We’re in an age where there’s so much data and a shortage of analysts (and time) to sift through it all. So, tools become absolutely necessary. And these tools are evolving to empower less technical folks – like marketers – to analyze and visualize their own large data sets. In this post, we’ll walk you through using the Google stack – BigQuery, Cloud Storage, and Google Data Studio – to do just that.
Getting Started with BigQuery
BigQuery is a SQL-based data warehouse platform that allows users to easily query up to petabytes of data. For smaller data sets (flat files under 10MB), it’s completely free to use and test out. For larger data sets (flat files over 10MB), you can upload to Google Cloud Storage and store the data there for only $0.023 per GB per month, which is dirt cheap. That works out to about $27/year to store and query a TB of data.
Creating a BigQuery Project
To get started with BigQuery, you’ll need to create a project.

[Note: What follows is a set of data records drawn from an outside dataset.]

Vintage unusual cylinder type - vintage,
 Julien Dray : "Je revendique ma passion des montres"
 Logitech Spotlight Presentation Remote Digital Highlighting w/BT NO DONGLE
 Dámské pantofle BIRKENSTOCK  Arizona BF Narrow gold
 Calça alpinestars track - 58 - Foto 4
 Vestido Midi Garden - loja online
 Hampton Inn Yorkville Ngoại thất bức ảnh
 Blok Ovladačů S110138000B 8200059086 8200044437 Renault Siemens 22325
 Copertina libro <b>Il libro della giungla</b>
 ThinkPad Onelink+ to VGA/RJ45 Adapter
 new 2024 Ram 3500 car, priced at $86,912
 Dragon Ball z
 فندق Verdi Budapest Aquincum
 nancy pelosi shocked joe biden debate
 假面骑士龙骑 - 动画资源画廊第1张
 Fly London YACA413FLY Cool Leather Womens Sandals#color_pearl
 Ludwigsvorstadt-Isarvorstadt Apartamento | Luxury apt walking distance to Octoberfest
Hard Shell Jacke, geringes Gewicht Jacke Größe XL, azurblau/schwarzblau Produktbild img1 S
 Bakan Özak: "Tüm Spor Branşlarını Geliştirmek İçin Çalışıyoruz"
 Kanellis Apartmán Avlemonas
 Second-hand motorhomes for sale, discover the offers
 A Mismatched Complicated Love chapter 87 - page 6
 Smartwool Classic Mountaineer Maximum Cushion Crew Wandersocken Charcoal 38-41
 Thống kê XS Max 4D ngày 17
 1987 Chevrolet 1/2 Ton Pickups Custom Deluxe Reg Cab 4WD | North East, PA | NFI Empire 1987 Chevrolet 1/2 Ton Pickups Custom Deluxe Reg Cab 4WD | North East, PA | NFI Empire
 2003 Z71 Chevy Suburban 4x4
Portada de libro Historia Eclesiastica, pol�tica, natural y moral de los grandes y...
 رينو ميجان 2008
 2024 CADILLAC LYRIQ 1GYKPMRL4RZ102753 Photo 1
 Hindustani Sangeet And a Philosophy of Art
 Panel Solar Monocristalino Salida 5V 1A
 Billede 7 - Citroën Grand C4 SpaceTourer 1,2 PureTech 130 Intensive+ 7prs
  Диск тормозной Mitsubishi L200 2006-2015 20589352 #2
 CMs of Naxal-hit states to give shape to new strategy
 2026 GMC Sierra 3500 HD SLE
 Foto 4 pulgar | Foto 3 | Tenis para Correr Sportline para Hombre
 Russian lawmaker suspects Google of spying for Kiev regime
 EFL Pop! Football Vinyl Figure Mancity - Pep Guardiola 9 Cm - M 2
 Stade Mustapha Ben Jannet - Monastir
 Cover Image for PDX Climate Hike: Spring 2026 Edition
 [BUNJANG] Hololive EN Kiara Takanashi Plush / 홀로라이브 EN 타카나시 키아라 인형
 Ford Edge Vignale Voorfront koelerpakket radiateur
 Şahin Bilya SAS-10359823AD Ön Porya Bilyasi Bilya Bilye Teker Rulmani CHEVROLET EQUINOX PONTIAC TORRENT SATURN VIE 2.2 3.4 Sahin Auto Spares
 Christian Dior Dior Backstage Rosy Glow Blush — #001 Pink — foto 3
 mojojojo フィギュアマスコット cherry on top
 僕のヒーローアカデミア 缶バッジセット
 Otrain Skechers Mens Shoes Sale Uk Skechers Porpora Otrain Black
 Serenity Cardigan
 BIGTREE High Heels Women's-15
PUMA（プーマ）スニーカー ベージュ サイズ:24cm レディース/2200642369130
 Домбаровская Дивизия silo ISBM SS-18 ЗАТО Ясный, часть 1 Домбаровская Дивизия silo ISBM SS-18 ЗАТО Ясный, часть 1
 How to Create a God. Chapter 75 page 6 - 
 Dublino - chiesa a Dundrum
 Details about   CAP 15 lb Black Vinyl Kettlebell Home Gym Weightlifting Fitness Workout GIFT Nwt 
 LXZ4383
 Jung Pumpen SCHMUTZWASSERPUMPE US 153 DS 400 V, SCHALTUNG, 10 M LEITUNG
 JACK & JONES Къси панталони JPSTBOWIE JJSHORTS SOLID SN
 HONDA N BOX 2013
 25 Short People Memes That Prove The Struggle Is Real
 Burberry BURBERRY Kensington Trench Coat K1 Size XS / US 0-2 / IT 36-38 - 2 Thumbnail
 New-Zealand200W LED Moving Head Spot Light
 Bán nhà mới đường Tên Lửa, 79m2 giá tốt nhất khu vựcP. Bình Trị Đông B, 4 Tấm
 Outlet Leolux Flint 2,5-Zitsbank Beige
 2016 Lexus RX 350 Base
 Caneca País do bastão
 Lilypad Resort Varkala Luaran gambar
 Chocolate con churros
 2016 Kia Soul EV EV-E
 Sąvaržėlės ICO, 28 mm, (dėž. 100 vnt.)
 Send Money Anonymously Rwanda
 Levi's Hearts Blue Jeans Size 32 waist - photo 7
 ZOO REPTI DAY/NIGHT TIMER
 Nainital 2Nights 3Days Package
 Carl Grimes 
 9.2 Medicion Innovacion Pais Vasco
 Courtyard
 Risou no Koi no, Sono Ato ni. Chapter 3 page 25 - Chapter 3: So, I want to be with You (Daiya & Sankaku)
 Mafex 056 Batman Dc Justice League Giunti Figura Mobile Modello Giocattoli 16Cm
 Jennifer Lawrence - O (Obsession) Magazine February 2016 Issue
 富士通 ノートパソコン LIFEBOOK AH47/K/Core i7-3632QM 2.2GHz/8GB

Name your project whatever makes sense to you. (In this case, I’m uploading US climate data from the NOAA.)
Then you’ll want to create a dataset. This is pretty arbitrary, as long as you can remember it. The important part is the table name, which we’ll address later.
Once your dataset is created, this is where you can create a table and upload your flat file data into it.
Choose to create a table from “upload” and select the “.csv” file format
I named my table “seattleweather” because I only downloaded Seattle’s data from the NOAA (I was lazy and didn’t want to wait all night for the .csv to download for all of America).
Also, remember to check the “auto-detect” schema option. (This means it’ll interpret the column headers and data types for you instead of having to set those manually.)
Very important to ensure you put “1” in the header rows to skip field under the advanced options. (That tells BigQuery the data starts in Row 2.)
Once you finish entering those settings, click upload and if everything worked, you’ll get a confirmation in the dashboard and you can jump to your table. This process may take a while depending on the size of your file.
Click on your table name under the project and dataset, then click on the preview tab to make sure the table looks clean, and you can one-click “Explore” in our next stop: the visualization tool Google Data Studio!
I promised this post would be friendly for folks that don’t know any code, but if you’re familiar with SQL and you’re feeling adventurous, you can also query a subset of the BigQuery table and simplify what you’re outputting to Google Data Studio or Google Sheets.
Using Google Cloud Storage for larger flat files
Before we jump into visualizing the data, there’s one more component to this I want to touch on: handling large files. The method I described above works for files under 10MB. The majority of truly big data files are far larger than that, sometimes gigabytes or terabytes in size. That’s where Google Cloud Storage comes in.
When you try to upload a file larger than 10MB, it’ll throw you an error on the BigQuery table creation screen with a link to Google Cloud Storage.
Follow that link and you’ll be prompted to create a bucket. A “bucket” is essentially a secure folder in the cloud where your flat files will live:
Name the bucket something memorable and unique and make sure you choose “Regional” storage class. It’s dirt cheap to store data that way per GB, and free to retrieve the data.
Once the bucket is created, you can drag and drop files from your desktop or data warehouse servers to it.
Then you can go back to create a table in BigQuery and choose Google Cloud Storage this time, selecting your file from the newly created bucket, with all the other options I mentioned in the .csv upload walkthrough above.
Visualizing with Google Data Studio
Once you’ve clicked the “Explore in Data Studio” option after successfully uploading your data set in BigQuery, you’ll be whisked away to a slick visualization tool where you can drag and drop dimensions and metrics from your table.
Data Studio is Google’s answer to Power BI or Tableau and it has a lot of built-in connectors, not just to BigQuery data, but also to Google Analytics, ad platforms of all kinds, and Google Sheets.
Here’s an example. I made a visualization of the lowest minimum temperatures recorded in every weather station in Washington State last year. (Turns out, it was -24 degrees somewhere in Northeastern WA.)
You can also look at the change in a metric over time. Here I’ve plotted measurable rain in the first 7 months of 2018 at Seattle’s Boeing Field weather station. You have plenty of options to style these data points visually too, with different colors and different aggregations. I chose a cumulative aggregation mode here.
As you can tell from the screen above, Data Studio makes it incredibly easy to literally drag and drop the metrics you want to visualize, select date ranges with relevant data, and even re-label certain data points in the legend, which is a great way to make your data sets consumable for a wider audience.
Once you’re satisfied with the visualizations you’ve built from your BigQuery data, you can make them publicly accessible, interactive, and embeddable anywhere on the web!
See, no code necessary!
Although knowing code certainly helps data scientists carve through huge data sets and analyze them more intensively, hopefully, this walkthrough with BigQuery and Google Data Studio demonstrates just how low the barriers to entry are in working with big data now.
I encourage those of you just getting into the field not to be intimidated and jump right in. Organizations are sitting on piles of unused data and they need our help to act on it!